Sie gründete 1964 das Théâtre du Soleil in Paris, als Kollektiv, bei dem Bühnenarbeiter das gleiche bezahlt bekommen wie die Leute auf der Bühne, bei dem das gemeinsame Erarbeiten von Aufführungen im Zentrum steht. Alle Beteiligten sind zum gleichen Teil Eigentümer des Unternehmens.
Der Cirque du Soleil wurde 1984 gegründet. Seine beiden Gründerväter wussten vom Théâtre du Soleil, das damals Welttourneen machte („Molière“ ein Film von Ariane Mnouchkine war z.B. 1978 für die Goldene Palme in Cannes vorgeschlagen). Ariane Mnouchkine ist eine politisch engagierte Frau, der es um universelle Menschenrechte und ein Zusammenwirken von verschiedenen Menschen auf Augenhöhe geht. Sie hat mit konkreten Aktionen ihre Bekanntheit dafür genutzt durch Hungerstreik oder Beherbergung von Verfolgten, politisch zu wirken: Richtung Anerkennung des gleichen Rechtes aller Menschen, z.B. auf die Sonne. Der Cirque du Soleil wurde von zwei Männern gegründet, die geschickt darin waren Gelder zu aquirieren. Heute ist er eine milliardenschwere Produktionsgesellschaft (geschätzte Jahreseinnahmen in 2017: 1 Milliarde US$) im Eigentum von Investoren aus China, Dubai, Kanada und anderswo. Der Cirque du Soleil ist kein Kollektiv, sondern eine hierarchisch organisierte Zirkusfabrik mit 4.900 abhängig bezahlten Menschen, festen Spielstätten (allein drei davon in Hotels in Las Vegas) und parallel laufenden Tourneebetrieben auf unterschiedlichen Kontinenten.
Das Théâtre du Soleil und der Cirque du Soleil erzeugen beide Unterhaltung. Wem gehört die Sonne? Rein marketingtechnisch gesprochen hat das Kollektiv um Ariane Mnouchkine die Marke „du Soleil“ entwickelt, und finanziell potentere Leute haben sie genutzt um Geld zu verdienen. Das ist nicht verboten.

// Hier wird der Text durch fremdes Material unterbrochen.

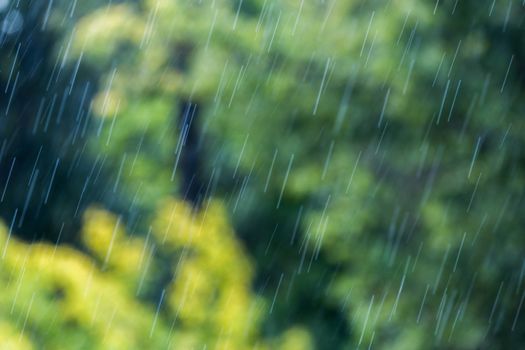 rainfall at sunny daylight on blurry green forest background.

Enrique Buenaventura, ein kolumbianischer Theaterschaffender, der mit der Methode creación collectiva Unterhaltung auf internationale Festivals gebracht hat, wurde (1987 in Cádiz / Spanien) gefragt „Warum arbeitest Du in einem Kollektiv?“ Buenaventura: „Ich kann NICHT sagen: „die Ergebnisse sind besser“, „wir arbeiten schneller“ oder „es ist billiger“. Aber es ist die Art und Weise wie ich mit Menschen umgehen, wie ich arbeiten möchte.“
Ob ich meine Zeit und mein Geld für Unterhaltung gebe, die mir Mut macht meine Realität zu verändern, ODER mir einen bunten Sandhaufen anbietet um meinen Kopf hineinzustecken, das kann ich mir jeden Tag mehrmals aussuchen.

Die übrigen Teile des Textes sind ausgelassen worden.